**Data excerpts**

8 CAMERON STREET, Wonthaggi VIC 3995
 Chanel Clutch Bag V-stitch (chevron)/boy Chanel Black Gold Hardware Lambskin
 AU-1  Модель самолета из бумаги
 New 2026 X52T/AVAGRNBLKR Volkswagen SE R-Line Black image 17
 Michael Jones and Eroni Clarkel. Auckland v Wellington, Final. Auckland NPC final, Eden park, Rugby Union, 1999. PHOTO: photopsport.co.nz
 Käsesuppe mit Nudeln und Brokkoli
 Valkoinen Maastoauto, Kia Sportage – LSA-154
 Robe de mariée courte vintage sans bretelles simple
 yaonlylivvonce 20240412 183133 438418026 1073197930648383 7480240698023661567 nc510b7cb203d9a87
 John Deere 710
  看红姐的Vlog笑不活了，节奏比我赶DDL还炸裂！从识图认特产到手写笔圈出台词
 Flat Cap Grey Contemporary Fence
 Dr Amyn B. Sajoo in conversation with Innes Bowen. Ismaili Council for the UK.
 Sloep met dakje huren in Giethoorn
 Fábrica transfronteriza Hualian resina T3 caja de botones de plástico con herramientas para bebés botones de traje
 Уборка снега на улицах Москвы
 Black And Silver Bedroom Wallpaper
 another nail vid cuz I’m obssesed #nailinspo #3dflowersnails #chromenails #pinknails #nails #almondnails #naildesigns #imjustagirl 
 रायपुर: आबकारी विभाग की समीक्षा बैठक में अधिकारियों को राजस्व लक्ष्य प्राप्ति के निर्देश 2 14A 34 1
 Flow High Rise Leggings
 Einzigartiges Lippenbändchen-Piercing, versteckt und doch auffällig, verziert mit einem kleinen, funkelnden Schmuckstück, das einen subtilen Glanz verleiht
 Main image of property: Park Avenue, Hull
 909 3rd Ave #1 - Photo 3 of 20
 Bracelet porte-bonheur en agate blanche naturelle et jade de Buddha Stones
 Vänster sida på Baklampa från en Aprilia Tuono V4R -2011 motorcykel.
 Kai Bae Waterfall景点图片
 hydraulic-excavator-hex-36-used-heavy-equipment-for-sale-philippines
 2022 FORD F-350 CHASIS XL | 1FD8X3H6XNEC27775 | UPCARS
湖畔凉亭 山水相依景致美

**Task goal**
Some lines of the records may hold the word "Black". How many do? Answer with a number and nothing else.

**Solution to this task**
3